Exercise description:
In the records below, begin at the line containing "Предварительный просмотр 84" and end at the line containing "cover image of Cal Poly 2012"; quote every line in that span exactly, including both boundary lines, and no others.

Recorded data:
◆ ◆ ◆ ◆ ◆
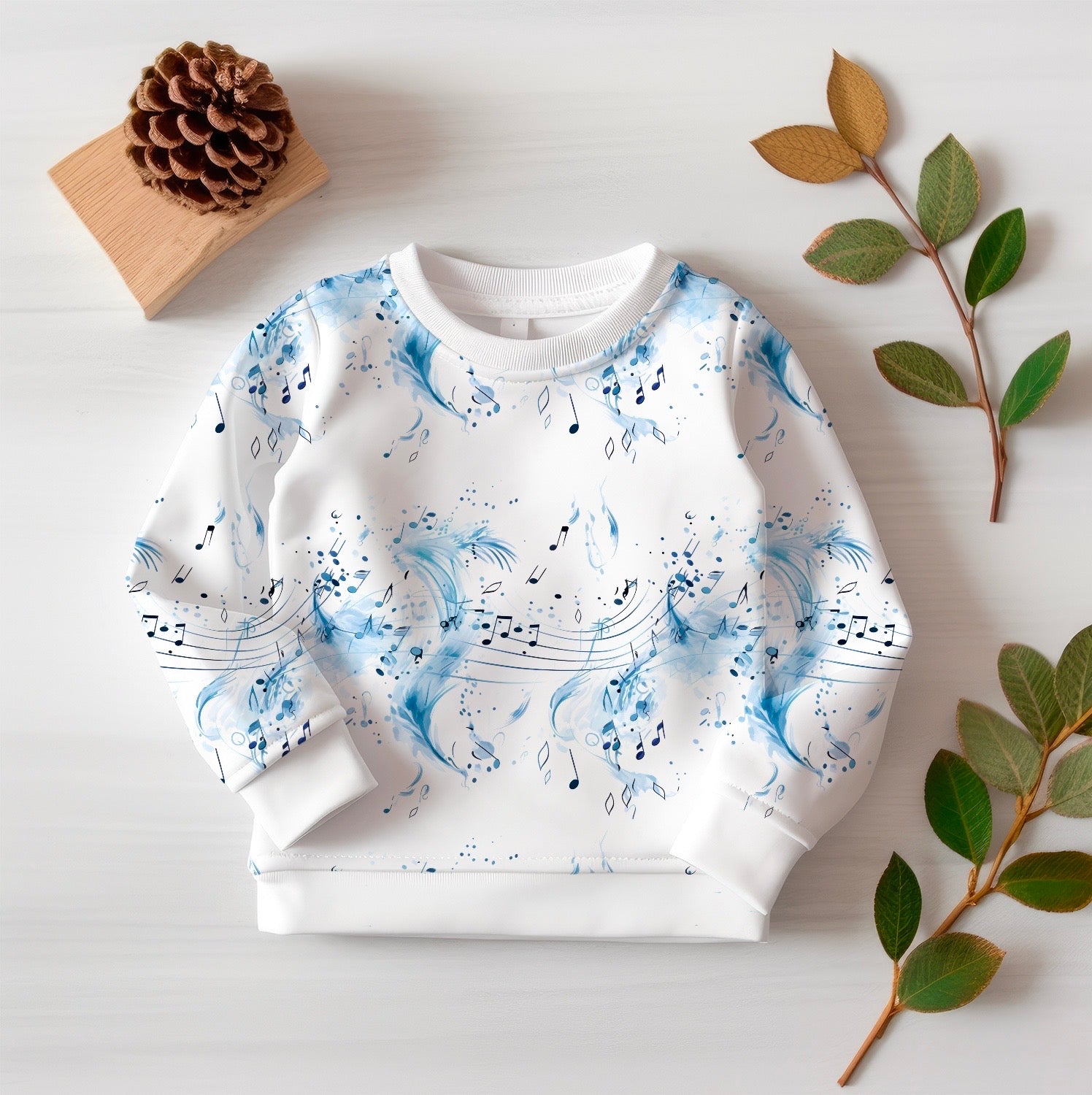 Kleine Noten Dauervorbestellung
◆ ◆ ◆ ◆ ◆
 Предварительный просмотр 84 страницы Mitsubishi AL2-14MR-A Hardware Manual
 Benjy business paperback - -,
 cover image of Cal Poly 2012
◆ ◆ ◆ ◆ ◆
Task output:
 Предварительный просмотр 84 страницы Mitsubishi AL2-14MR-A Hardware Manual
 Benjy business paperback - -,
 cover image of Cal Poly 2012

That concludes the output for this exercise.